The proposed changes in lease accounting are expected to impact financial statement presentation and performance measures materially and significantly. The balance sheet effects are currently hidden because of the off-balance sheet treatment of operating leases under the existing lease accounting standard. The material increase in assets and liabilities and deterioration in certain financial ratios has raised concerns about the potential financial implications of the rules on firm debt structure and financial policies such as debt covenants and executive compensation.
Off-balance sheet operating leases have raised questions and concerns because critics have argued that the existing rules allowed companies to understate their liabilities by structuring leases as operating leases instead of capital leases and in doing so, influenced the outcomes of various profitability and debt financial ratios.
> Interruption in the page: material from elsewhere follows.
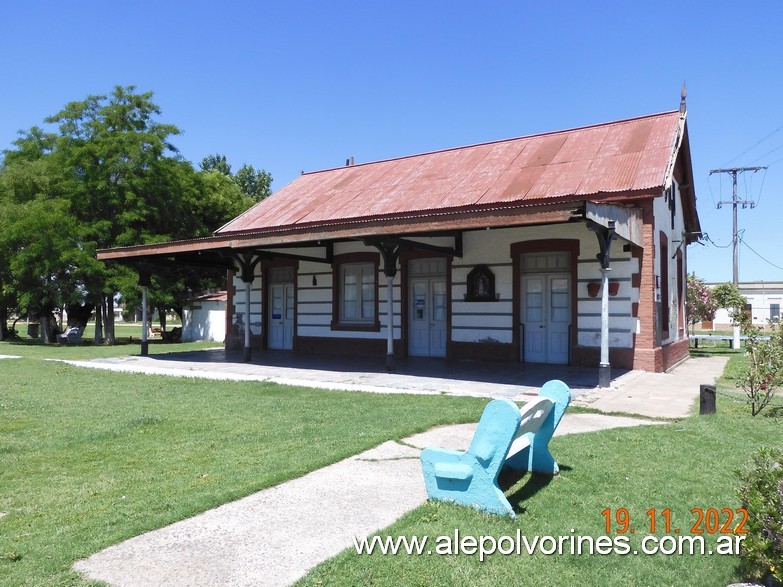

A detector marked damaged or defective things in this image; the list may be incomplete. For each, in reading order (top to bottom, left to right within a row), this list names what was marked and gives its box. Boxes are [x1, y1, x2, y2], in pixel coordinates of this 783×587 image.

Furthermore, in 2005, an estimated 293 firms, comprised mainly of restaurant and retail firms, were forced to restate their financial statements due to various lease accounting errors ([26] Scholz, 2008). These restatements were sparked by CKE Restaurants, Inc., which discovered the lease accounting errors during its internal review in 2004. In a 2005 report to Congress, the Securities and Exchange Commission (SEC) was also highly critical of the lease accounting standard and recommended that the FASB overhaul the lease standard ([27] Securities and Exchange Commission, 2005). Subsequently the FASB, working together with the IASB, adopted a project to overhaul the lease accounting rules to address these concerns.
The restaurant industry has been identified in prior research as one of the largest users of off-balance sheet operating leases ([21] Imhoff et al. , 1997). Lease accounting is an important issue for many restaurant firms. Given their pervasive use, magnitude and growing financial lease obligations, the restaurant industry provides an ideal setting for investigating questions of how the proposed rules...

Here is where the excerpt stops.